After an illness forced her to give up her job in childcare management, Anita Inverarity turned to art as a form of therapy.
“It was both therapeutic for me and out of necessity too, because I had to consider something I could do working from home,” explained Anita.
The talented artist explained she’s been drawing since early childhood and never really stopped.
She stated: “I just remember being happiest when making marks on paper with pens and pencils.
“I would also be enchanted by children‘s illustration when I was growing up.
“In our house, my dad always painted enthusiastically, so I got to know about the Old Masters and Scottish colourists, and we visited galleries and museums a lot. Although my art is very illustrative, I have a passionate appreciation for all types of art and creativity.”
Having studied graphic design at Aberdeen College in 1984, Anita also did a course in children’s illustration – and realised it was the right path for her.
She said: “In some of my portfolio there, I developed an intricate black-and-white linework style, which was influenced by old engravings and woodblock printing mainly, and that style really stayed with me and developed further into what I do today.
“At the time, there just seemed to be too many barriers into creative employment, and after a few local printing jobs, I decided to leave any ideas of working as an artist behind me and went on to various other careers over the years.
“When I returned to art in my 40s, the landscape was very different, and being able to access art communities online, as well as platforms to show and sell internationally, really opened up a whole new world for me.”
Anita gathers influences from several areas, including art nouveau, nature and wildlife, folk art, fashion and textiles, and fantasy illustration.
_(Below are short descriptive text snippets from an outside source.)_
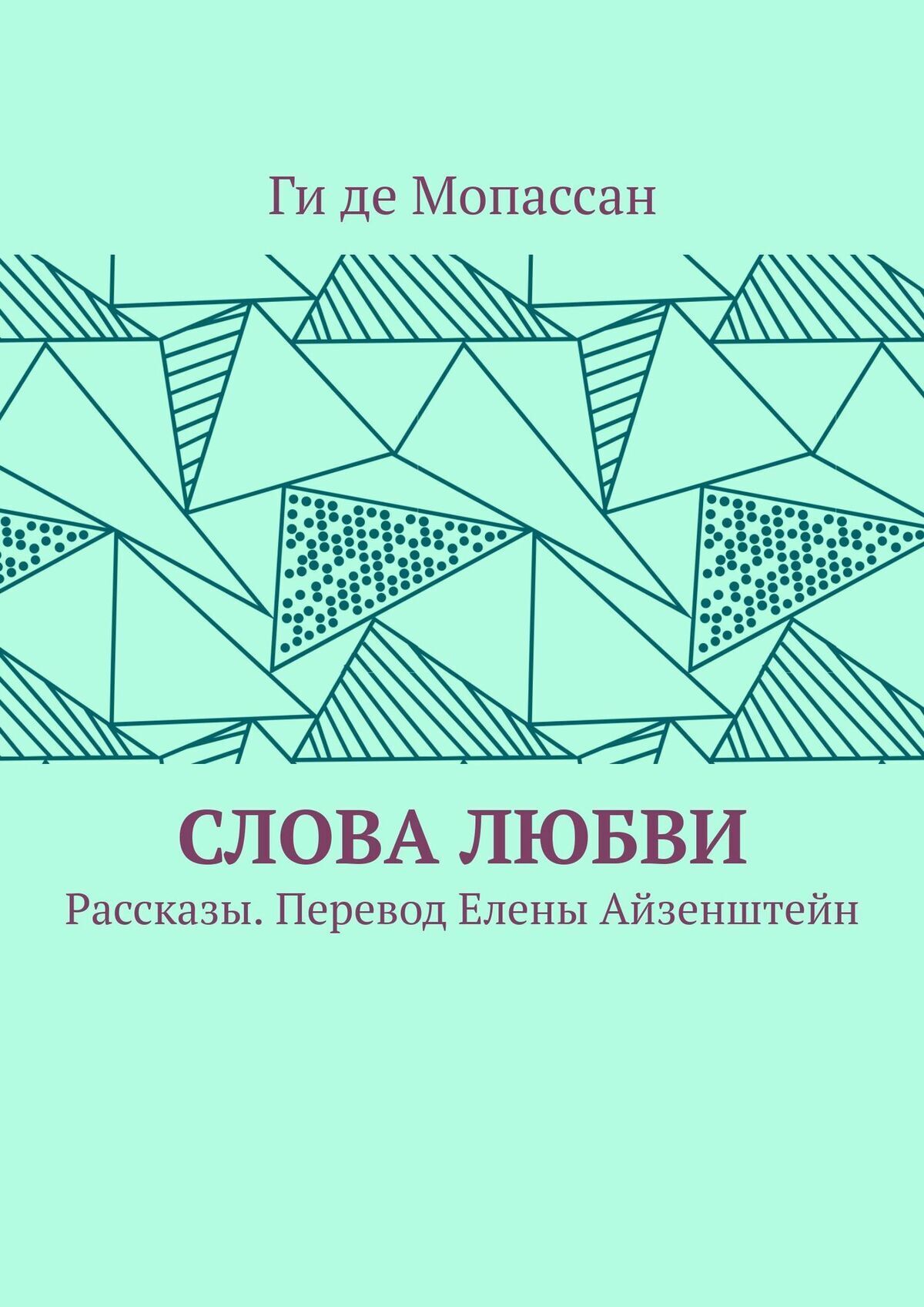 измена драма перевод рассказ фото 100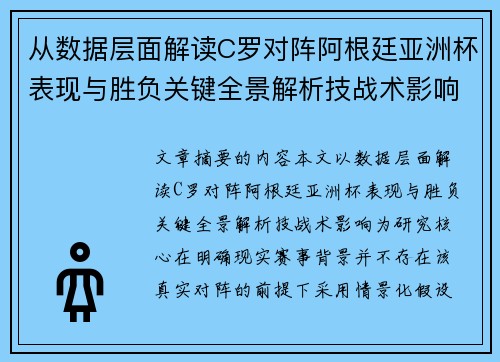 从数据层面解读C罗对阵阿根廷亚洲杯表现与胜负关键全景解析技战术影响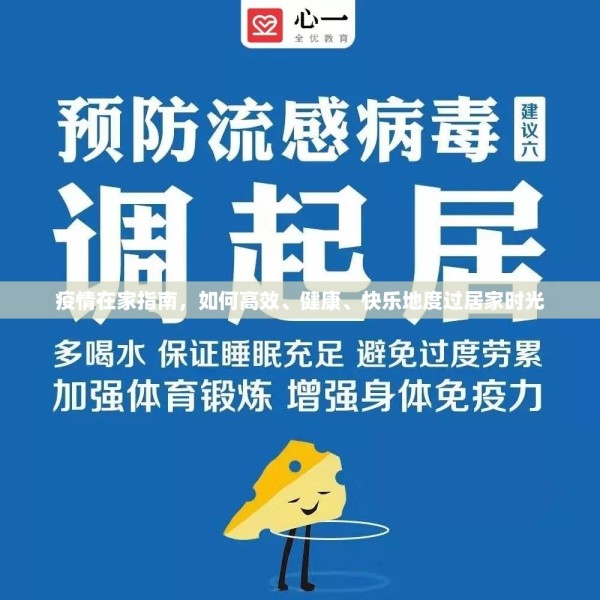 疫情在家指南，如何高效、健康、快乐地度过居家时光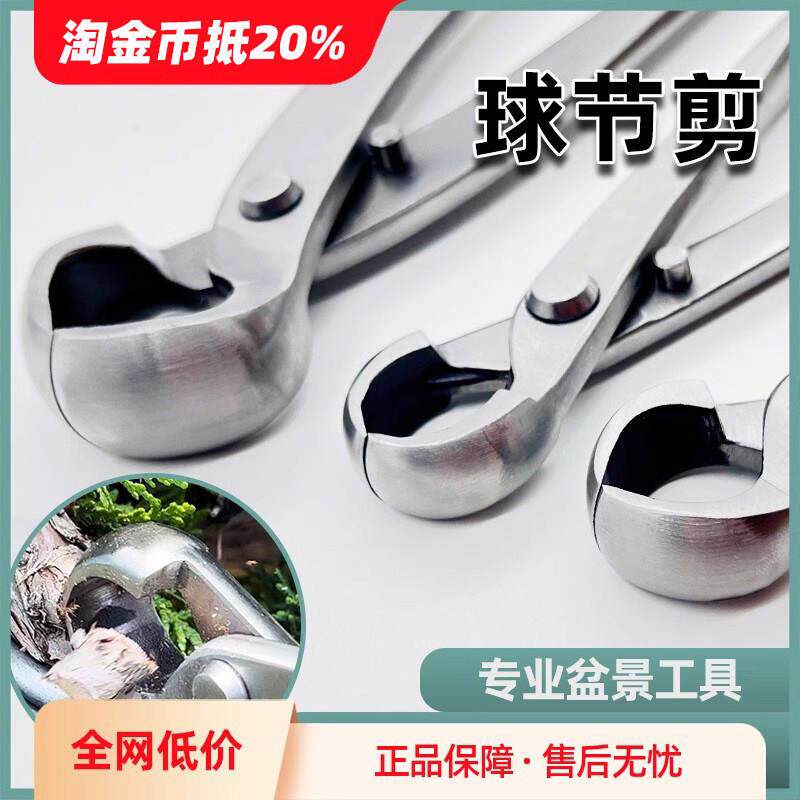 和樱球节剪盆景修剪造型专用工具大号球形型剪刀不锈钢修枝钳套装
She added: “I often refer to my style as illustrative fine art.
“I also sometimes call it universal folk, which is the title of an oracle deck and tarot deck I have coming out in the future.
“It refers to my interest in mythology, fairytales and folk design, and how, across the world, you can find threads of the same themes and visual prompts in storytelling and folk art.” Anita thinks it’s important for artists to have their own signature style.
She said: “I think if it is your chosen field, then developing your own unique art language is very desirable.
“As you can see, I am aware of the influences that visually excite me, but when I am creating, I try to switch off from the world and not look at anything unless I really have to check a photo reference for a particular animal or building perhaps.
“I think it’s important to cultivate your imagination and develop your own particular signature style that is authentically yours.
“Sometimes, this takes time to evolve and nothing is ‘new’ these days, but it’s something every artist should at least aim for and explore constantly in their practice.”
The artist revealed that she always starts her drawings with a mechanical pencil on paperboard or illustration board.
“This stage and the inking up stage probably take longest,“ said Anita.
“I use all pen and pencil mediums, and I colour using Winsor and Newton Promarker and watercolour pencils mainly, and sometimes a touch of acrylic pen or metallic.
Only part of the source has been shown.